Alder had no idea what half of the vials or glyphs strewn along the floor did, but the bookshelves that littered the walls brought him a bittersweet memory of the Bardic School’s library, where he and the other students—his first friends—had spent many sleepless nights cramming for the next day’s test. That life was long done and over, but sometimes, just before he went to sleep, the Bard wondered how different his life would’ve turned out had he just traveled through the Heiligian countryside like most of the students.
Instead, he had listened to the call of adventure, and the merchant ship he had traveled along had run headfirst into a bunch of pirates. Since then, life had been a constant adventure, for good and ill.
He gave the books one nostalgic glance-ove
r. He probably wouldn’t understand them even if he tried. Only specialist Bards ever amassed the Knowledge: spellcraft ranks that these researchers had in their character sheets. A few of them even had talents that allowed them to remain awake longer as long as they were studying. Alder shivered. Studying had never been his forte, not even in Elaitra. That was more Lavy’s deal.
Next to him, Klek looked even more out of place. One of the high-ranked researchers, a lizardman fiend from the Netherworldly region of Bregor, had tried to shoo the batblin out of the Facility before “the mammal dirtied something up.” His older coworkers had quickly explained that Klek outranked everyone there. Technically, with Lavy and Diviner Pholk off doing Murmur-knew-what in the Xovia citadel, Klek and Alder were in charge here.
The lizardman, Churla, gave Alder a weary, resentful glance. “Is there anything we can help you with, Master Chronicler?” the fiend asked.
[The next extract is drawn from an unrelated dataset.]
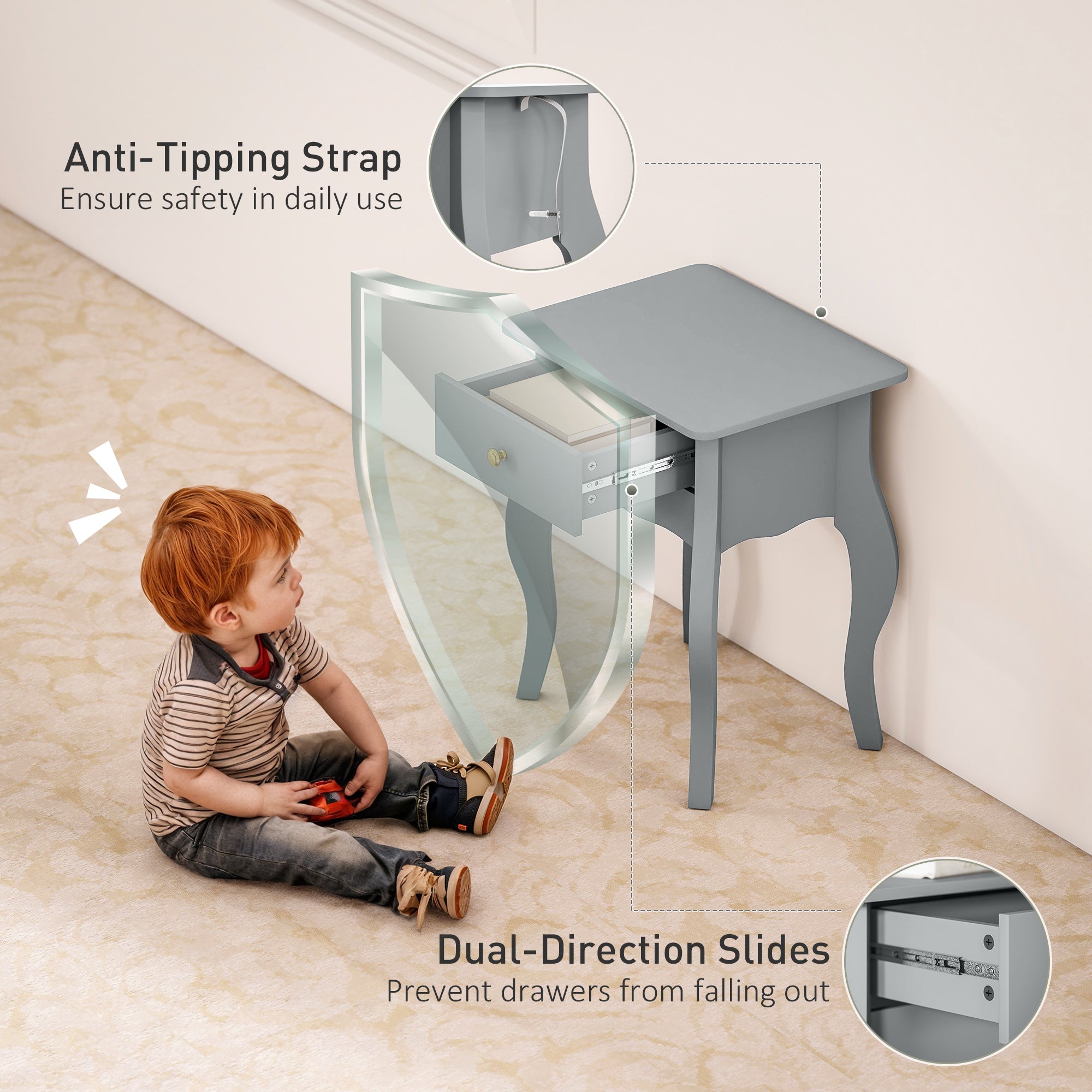 HOMCOM French Style Side Table with Drawer - Grey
Alder forced himself to take his eyes off the timid succubus doing some number-crunching near a corner. “Klek and I are here for a progress report. On the Hero research, of course.”
“Of course,” Churla said. “No one ever wants to know about my additions to the Library’s classification system.” His black tongue flicked in and out of his mouth, tasting the air. “Very well. Follow me, Master Chronicler, Master Adventurer Slayer.”
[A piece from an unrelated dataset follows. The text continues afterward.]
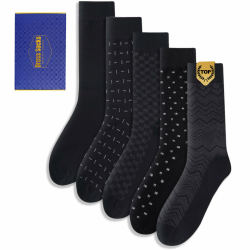Business Socken Herren 40-46, Baumwollsocken Herrensocken für Männer mit Geschenkbox, Lange Baumwolle Anzugsocken Ohne Naht, Männergeschenke 5Paar Schwarz 40-46 Angebot bei HelloDeals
He brought them in front of the Hero’s vat. Alder saw his reflection on the glass, peering out with curious eyes.
“On a general note,” the researcher said, “we’re doing fantastic progress on our studies. Our stands are filling with documents and blueprints on the inner ley lines of the Hero, or, using Lord Wraith’s terminology, its magical cirkuitry. Heroes are built mostly out of Ivalian technology—although a few of its protocols we haven’t seen before anywhere. Creating a Heroic body is not a huge problem… if you have the resources, the talent, and a preserved fragment of a Dungeon Lord’s heart.” The fiend shivered. For all creatures of the Dark, treating a Mantle like the Inquisition had been doing for years was akin to heresy. “To speak the truth, I think it was a good thing that the Militant Church made their Heroes so hard to capture. Otherwise a third kingdom could’ve stumbled into the secret and entered the war. That’s the last thing the Dark needs.”